3.1 Representation of functional gradients for MLNs

Given the gradients for each example (Eq. 5), our next goal is to find the potential function \(\hat{\psi }\) such that the squared error between \(\hat{\psi }\) and the functional gradient is minimized. We use two representations of \(\hat{\psi }\)s: trees and clauses.

3.1.1 Tree representation

Following prior work (Natarajan et al. 2012), we use a relational regression tree learner (modified from TILDE (Blockeel and De Raedt 1998)) to model the functional gradients. Hence, the final potential function corresponds to the set of RRTs learned from data. Every path from the root to a leaf is a clause and the value of the leaf corresponds to the weight of the clause. For example, the regression tree in Fig. 1 can be represented with the following clauses:

$$\begin{aligned}&w_1: p(\mathsf {X}) \wedge q(\mathsf {X,Y}) \rightarrow { target}(\mathsf {X}), w_2: p(\mathsf {X}) \wedge \lnot \exists Y q(\mathsf {X, Y}) \rightarrow { target}(\mathsf {X}),\,\, \hbox {and}\\&w_3: \lnot p(\mathsf {X}) \rightarrow { target}(\mathsf {X}) \end{aligned}$$
Fig. 1
figure 1

Example tree for target(X)

The MLN corresponding to these weighted clauses matches the model represented using our trees. Hence these rules can now be used with any other MLN inference engine. Note that TILDE trees (Blockeel and De Raedt 1998) employ weighted variance as the splitting criterion at every node and it ignores the number of groundings for a predicate. On the other hand MLN semantics require counting of the number of non-trivial groundings and hence we modify the splitting criterion at every node. As an example, let us consider building the tree presented in Fig. 1. Assume that we already have determined \(p(\mathsf {X})\) as the root and now we consider adding \(q(\mathsf {X,Y})\) to node N (at left branch). So adding \(q(\mathsf {X, Y})\) would result in two clauses,

$$\begin{aligned}&C_1 : p(\mathsf {X}) \wedge q(\mathsf {X, Y})\rightarrow { target}(\mathsf {X})\, \hbox {and}\\&C_2 : p(\mathsf {X}) \wedge \lnot \exists Y q(\mathsf {X, Y}) \rightarrow { target}(\mathsf {X}). \end{aligned}$$

For all the examples that reach the node \(N\), assume \({\mathcal {I}}\) to be the set of examples that satisfy \(q(\mathsf {X, Y})\) and \({\mathcal {J}}\) be the ones that do not. Let \(w_1\) and \(w_2\) be the regression values that would be assigned to \(C_1\) and \(C_2\) respectively. Let \(n_{x,1}\) and \(n_{x,2}\) be the number of non-trivial groundings for an example \(x\) with clauses \(C_1\) and \(C_2\). The regression value returned for an example would depend on whether it belongs to \({\mathcal {I}}\) or \({\mathcal {J}}\). Hence the regression value returned by this tree for \(x\) is

$$\begin{aligned} \hat{\psi }(x_i) = n_{x_i,1} \cdot w_1 \cdot I(x_i \in {\mathcal {I}}) + n_{x_i,2} \cdot w_2 \cdot I(x_i \in {\mathcal {J}}) \end{aligned}$$
(6)

and the squared error is used to compute the gradients.

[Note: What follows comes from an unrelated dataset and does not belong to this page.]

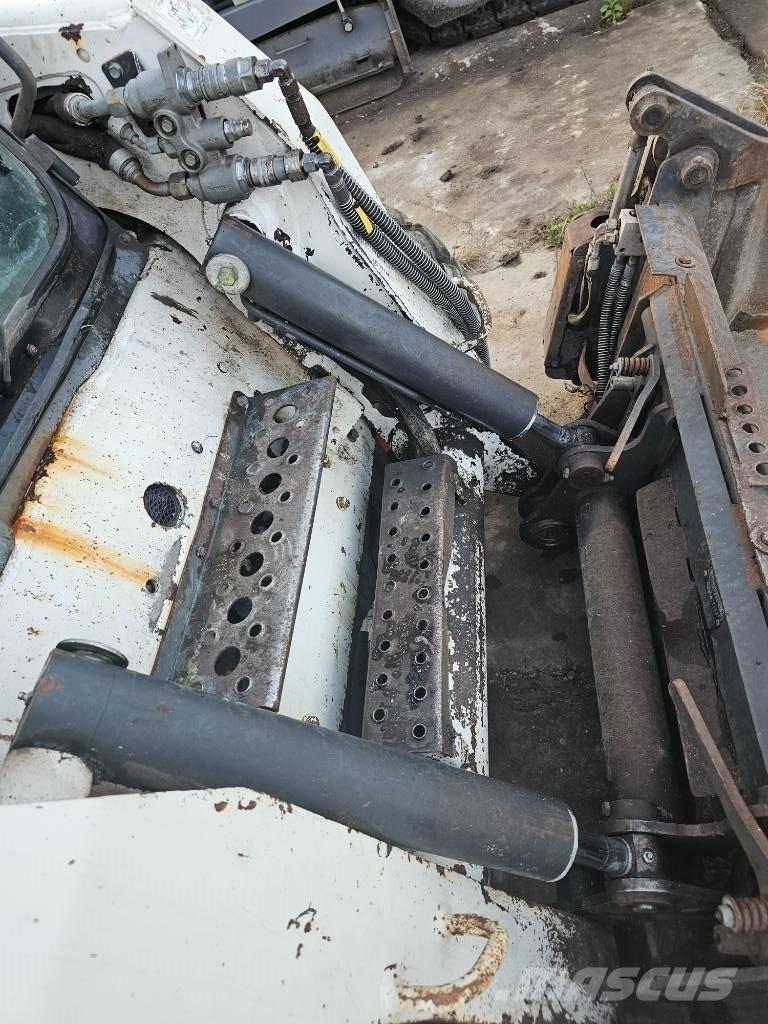 Bobcat S 250 Pale gommate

$$\begin{aligned} SE&= \sum _{x \in {\mathcal {I}}} \left[ n_{x,1} \cdot w_1 - \varDelta (x)\right] ^2 + \sum _{x \in {\mathcal {J}}} \left[ n_{x,2} \cdot w_2 - \varDelta (x) \right] ^2\\ \frac{\partial }{\partial w_1} SE&= \sum _{x \in {\mathcal {I}}} 2 \cdot \left[ n_{x,1} \cdot w_1 - \varDelta (x) \right] \cdot n_{x,1} + 0 = 0 \Longrightarrow w_1 = \frac{\sum _{x \in {\mathcal {I}}} \varDelta (x) \cdot n_{x,1}}{\sum _{x \in {\mathcal {I}}} n_{x,1}^2 } \\ \frac{\partial }{\partial w_2} SE&= 0 + \sum _{x \in {\mathcal {J}}} 2 \cdot \left[ n_{x,2} \cdot w_2 - \varDelta (x) \right] \cdot n_{x,2} = 0 \Longrightarrow w_2 = \frac{\sum _{x \in {\mathcal {J}}} \varDelta (x) \cdot n_{x,2}}{\sum _{x \in {\mathcal {J}}} n_{x,2}^2 } \end{aligned}$$

For every potential split, we can calculate the weights using these equations and use these weights to calculate the squared error. We greedily select the literal at each node that minimizes this squared error.

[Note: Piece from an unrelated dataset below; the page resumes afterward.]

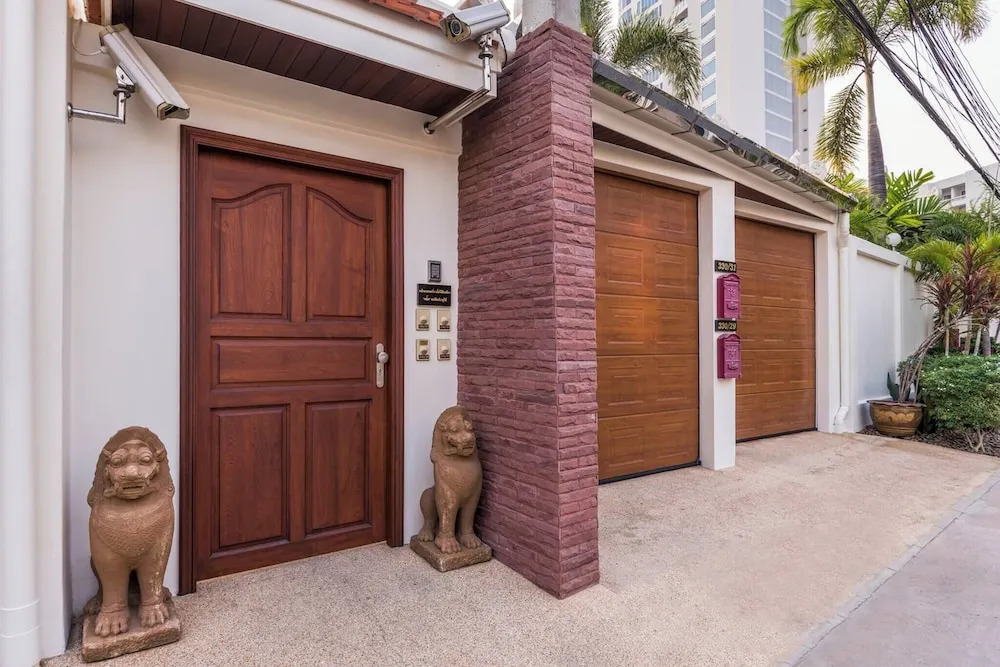 Luxury 2BR Pool Villa Pratamnak Soi5- 50m to Beach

Generally, the false branch at every node with condition \(C({\mathbf{X}})\), would be converted to \(\forall {{\mathbf{X}}_f}, \lnot C({\mathbf{X}})\) which in its CNF form becomes \(\lnot \exists {{\mathbf{X}}_f}, C({\mathbf{X}})\), where \({\mathbf{X}}_f \subset {\mathbf{X}}\) are the free variables in \(C({\mathbf{X}})\). Existentially defined variables can result in a large clique in the ground Markov Network. To avoid this, we maintain an ordered list of clauses (Blockeel and De Raedt 1998) and return the weight of the first clause that has at least one true grounding for a given example. We can then ignore the condition in a given node for the false branch to the leaf. It is worth noting that \(C({\mathbf{X}})\) maybe a conjunction of literals depending on the maximum number of literals allowed at an inner node. Following TILDE semantics, we can also allow aggregation functions inside the node where the evaluation will always result in a single grounding of the aggregation predicate.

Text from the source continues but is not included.